There’s a natural tendency for the body to reject what’s foreign. Same thing applies in stepfamilies, and it sucks.
Home is supposed to be the one place you feel safe. The one place you can relax and let the worries of the world fall away. But that can’t happen when you’re stuck with a dynamic that has you feeling like a stranger in your own home. Ignored. Treated like a maid. Surrounded by draining, negative energy from a teenager that didn’t come from your womb.
Take your pick of scenarios.
What to do?
- Stop feeling like a freak or thinking it’s your fault. Acknowledge that, unfortunately, it’s a normal occurrence in stepfamilies. It’s not personal.
- Your husband’s support is vital. He can’t force his kids to like you, but he can demand they treat you with respect (see #3). He can also verbalize his appreciation for you and show you in little ways that you matter to him and to the family.
- Create some house rules around common courtesy and basic manners (hello/bye/thank you).
- If the kids already have an active mom, even if you don’t agree with her parenting, focus more on being a wife and less on trying to “mother” your stepchildren. You can still nurture and show love, but remember that they already have a mom.

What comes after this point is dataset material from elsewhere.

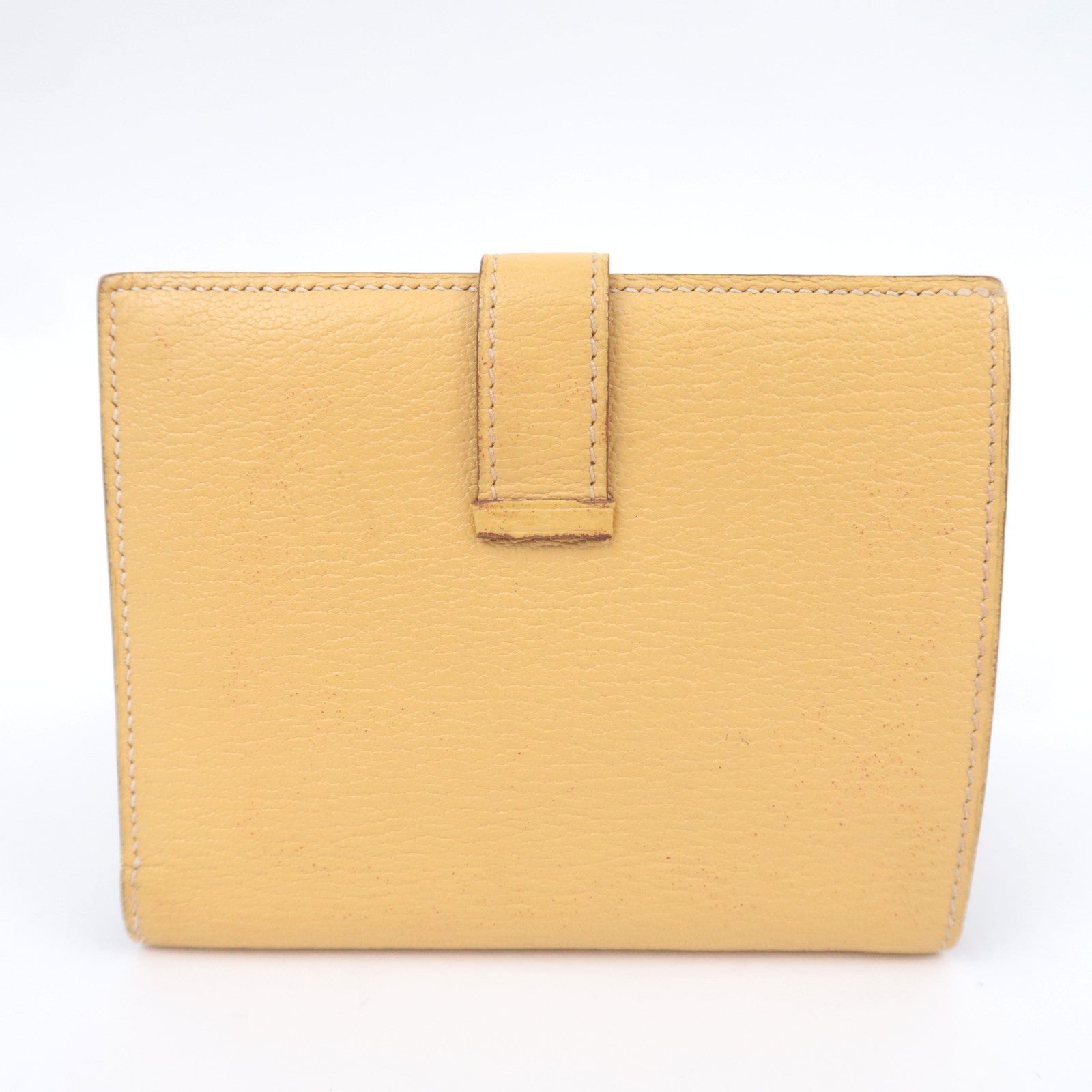 HERMES Bearn Compact Leather Wallet Y Stamp (2020)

- Let the kids set pace of relationship. The harder you try to get love from them, the harder they’ll resist. Let the relationships evolve naturally and remember it can take years to form a bond.
- Invite your friends or family over for holidays. You’ll feel like you have somebody on your team and will be more comfortable being yourself.
- Create a kid-free zone where you can escape from the awkwardness and decompress.